On November 1, 2016, the Association of Certified E-Discovery Specialists hosted a discussion entitled, "FORENSIC EXPERTS WEIGHT IN ON LAPTOP/EMAIL TOOLS", including Ball, Sharon Nelson (the President of Sensei Enterprises, Inc. - a digital forensics and information security firm and the author of The Electronic Evidence and Discovery Handbook: Forms, Checklists and Guidelines (American Bar Association, 2006)); John Simek, the Vice-President of Sensei; David Cowen, the President of the Cowen Group - the leading staffing agency for electronic discovery professionals; and an anonymous corporate forensics expert. The conversation was hosted by Mark Mack, the executive director of ACEDS, and the author of the Process of Illumination, an e-discovery guide discussed on this blog back on January 12, 2016.)

Cowen noted that, "The FBI CART [Computer Analysis Response Team]/RCFL[Regional Computer Forensics Laboratory] is still a FTK shop though and IEF [he's referring to this digital evidence tool] beyond webmail. The CART labs make use of a large FTK cluster known as LabNet for all their processing with the option to run a local instance. I know IEF has PST support now but I wouldn’t use it as my primary resource.
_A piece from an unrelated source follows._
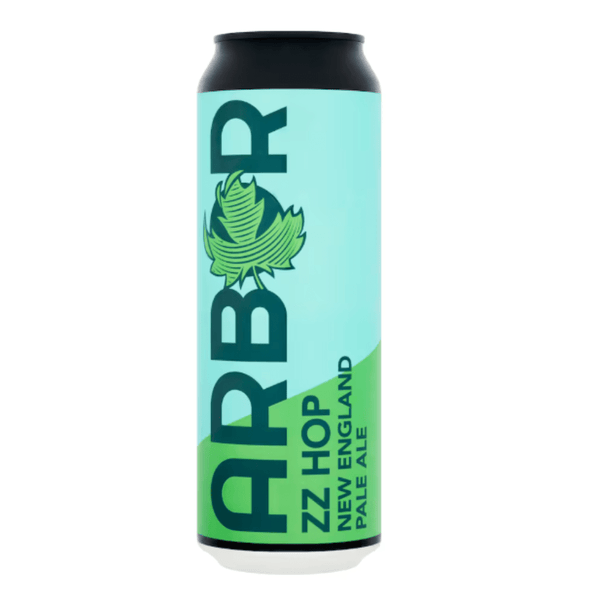 Arbor - ZZ Hop - Arbor - ZZ Hop - Hogs Back Brewery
The FBI and many law enforcement do make use of IEF but its mainly for internet evidence (browser based/p2p based applications) and webmail." While Simek and Ball note that the FTK email tool lost its edge years ago, and Nuix's software is superior, Cowen notes that FTK can help reveal deleted shadow copies. But there's no question that FTK is a sophisticated email review tool, even though it's not the most up-to-date version that the corporate world has come to prefer.

Back on October 31, 2016, the Wall Street Journal quoted experts and former FBI agents to confirm that domain filtering and keyword searching would be used to pare down the number emails to review:

"The first steps can happen quickly: categorizing the messages by fields, like 'sender' and 'subject line,' that would be obvious to a layman as well as by metadata that identifies which of the emails passed through Mrs. Clinton’s email server. Such indexing can be done within a few hours, experts say. Within that pool of emails, agents would likely then use document-review software to search for keywords like 'secret' or 'classified,' a process that takes a few seconds. Other searches could include words like 'Benghazi,' which were relevant in earlier email disclosures from Mrs. Clinton, former FBI agents say."

When you go to the polls tomorrow, don't let how you vote be influenced by the nonsense Trump and his supporters are spreading about how long it takes to review thousands of emails. The length of time the Bureau took for the review is entirely reasonable.